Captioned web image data
******

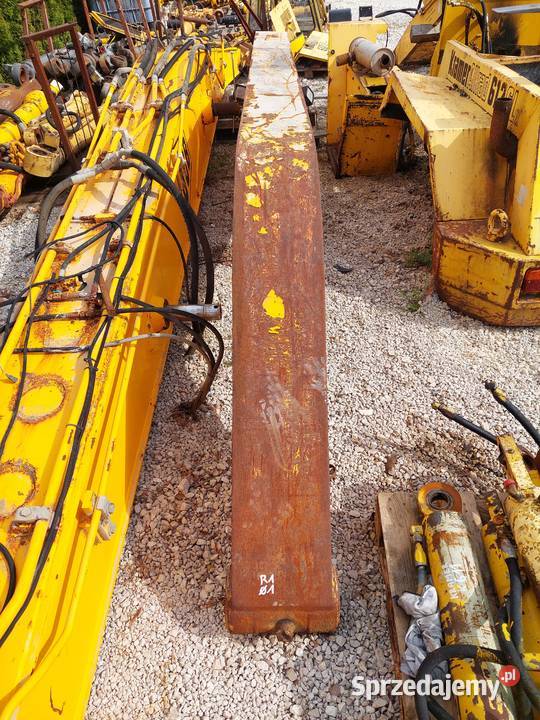 RAMIE JCB JS220 LC DŁ 520ARM 71017 Części do maszyn budowlanych Kielce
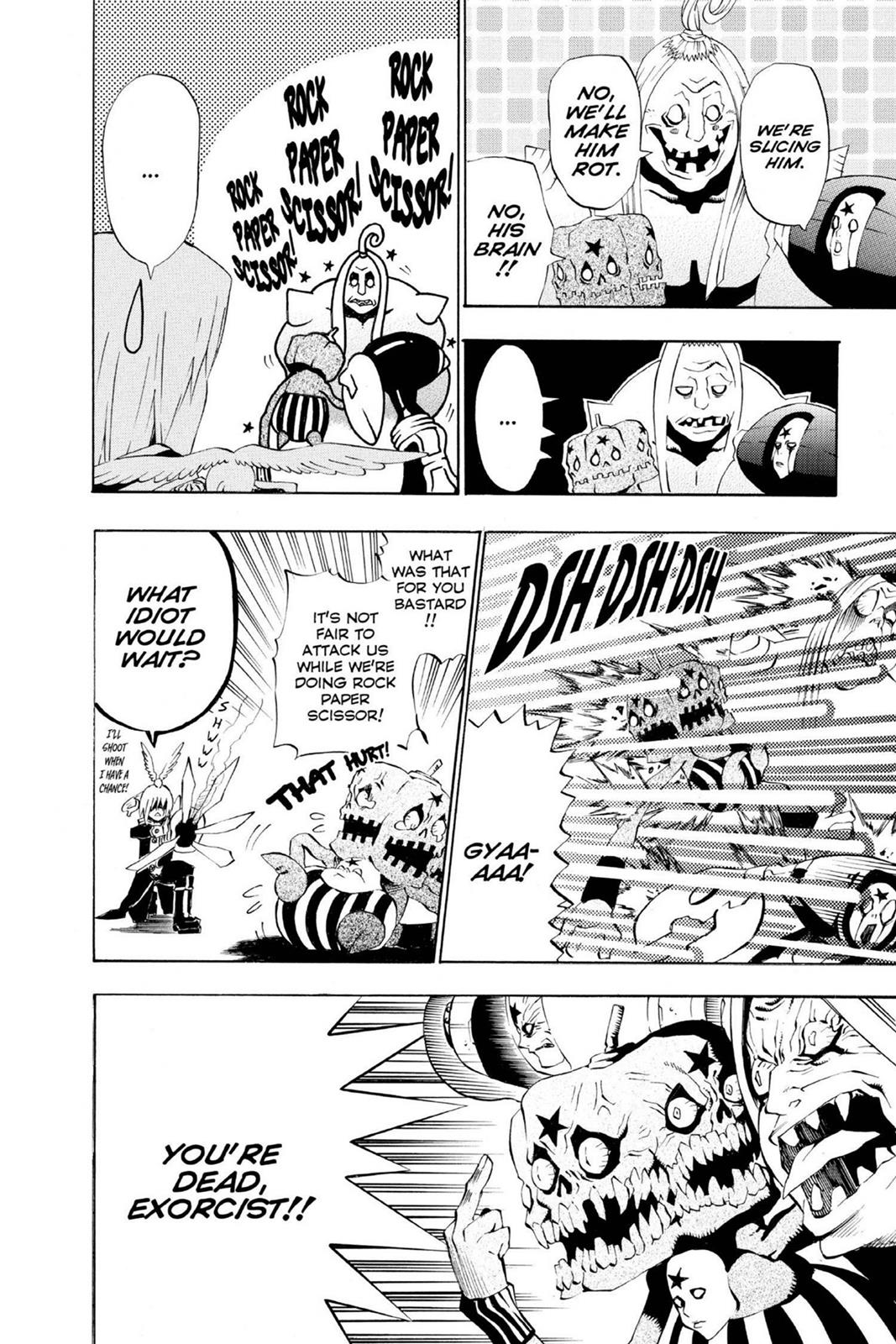 Read D.Gray-man EN Manga Online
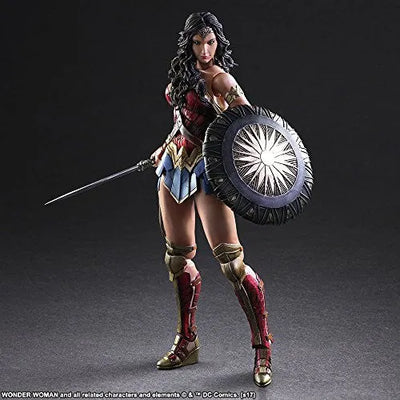Wonder Woman - Play Arts Kai (Square Enix)ㅤ – Square Enix – ActionFigureBrasil — ambientada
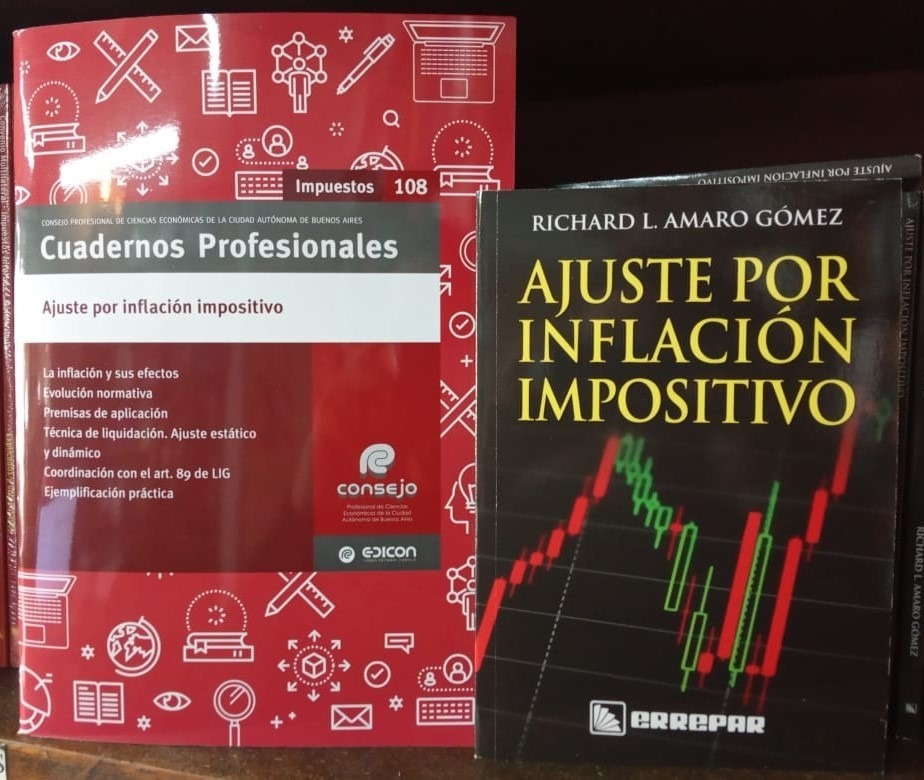 Combo Ajuste Por Inflacion Impositivo Errepar + Consejo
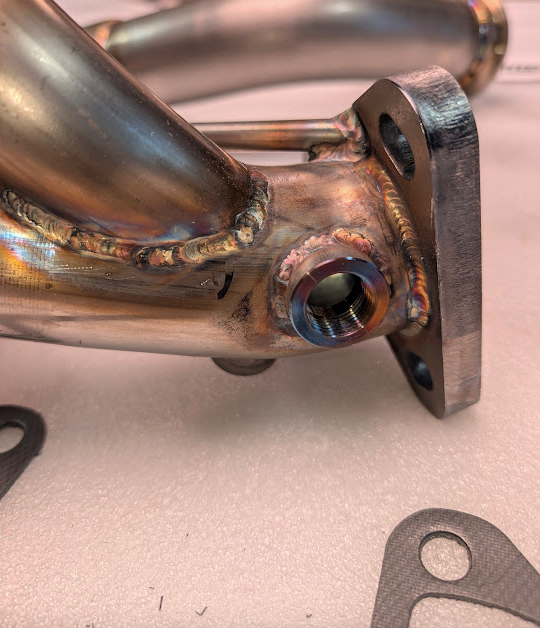 Complete Race Header Kit - 3 Bolt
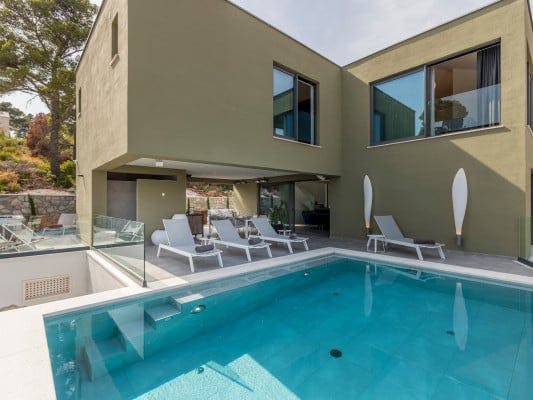 Villa Angelina - Brac European villas with pools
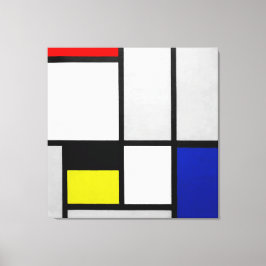 Lienzo MONDRIAN - TABLEAU Nº III - 1922-1925 - De Stijl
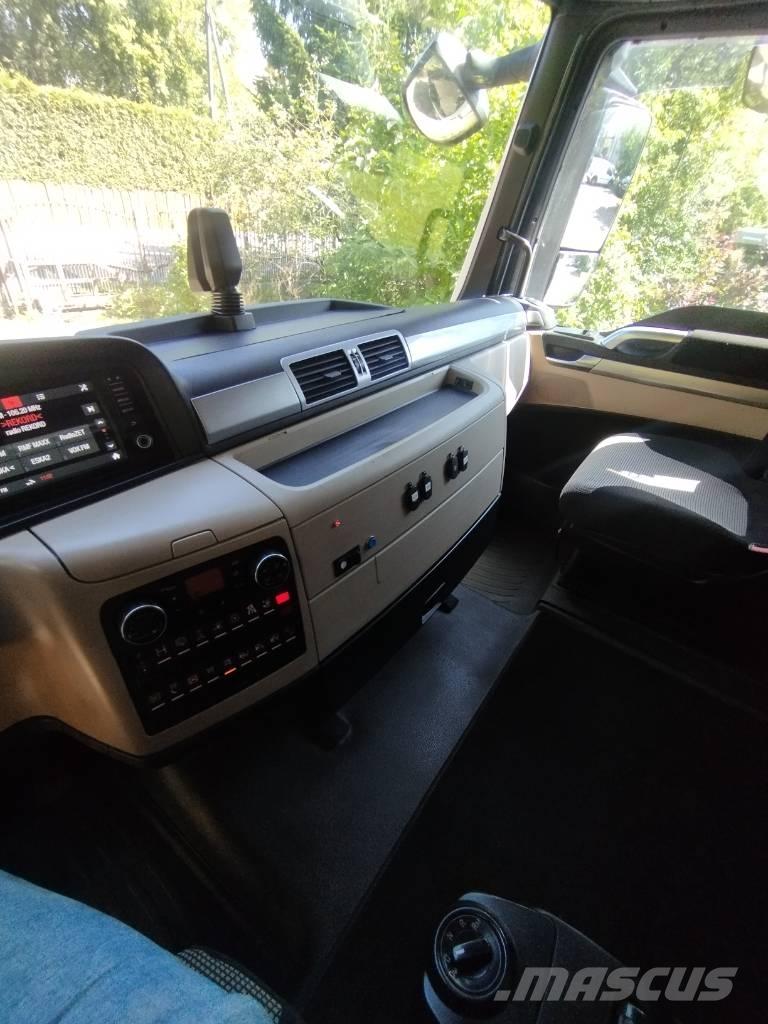 MAN TGX 26.460 Konteinerių nuožulnaus pakėlimo ant platformos krautuvai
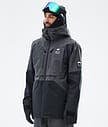 Montec Arch Giacca Snowboard Uomo Phantom/Black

******

Exact copies of the entries above are needed, with every picture removed.

 RAMIE JCB JS220 LC DŁ 520ARM 71017 Części do maszyn budowlanych Kielce
 Read D.Gray-man EN Manga Online
Wonder Woman - Play Arts Kai (Square Enix)ㅤ – Square Enix – ActionFigureBrasil — ambientada
 Combo Ajuste Por Inflacion Impositivo Errepar + Consejo
 Complete Race Header Kit - 3 Bolt
 Villa Angelina - Brac European villas with pools
 Lienzo MONDRIAN - TABLEAU Nº III - 1922-1925 - De Stijl
 MAN TGX 26.460 Konteinerių nuožulnaus pakėlimo ant platformos krautuvai
 Montec Arch Giacca Snowboard Uomo Phantom/Black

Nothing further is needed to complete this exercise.